▶ [Problem details] Copy, word for word, the lines of the entries below between the one with "コンパクトウォレット ブラウン 491(財布)" and the one with "Nubuck Sandalen met Hak - Rood", inclusive, and leave out everything else.

### Data excerpts ###

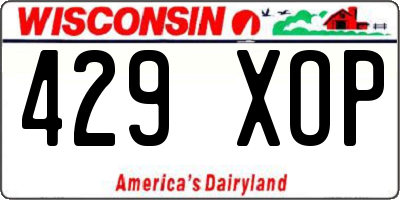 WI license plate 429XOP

###
### Data excerpts ###

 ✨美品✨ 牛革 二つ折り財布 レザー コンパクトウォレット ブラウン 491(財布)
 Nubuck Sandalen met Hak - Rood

###

▶ [Written answer]
 ✨美品✨ 牛革 二つ折り財布 レザー コンパクトウォレット ブラウン 491(財布)
 Nubuck Sandalen met Hak - Rood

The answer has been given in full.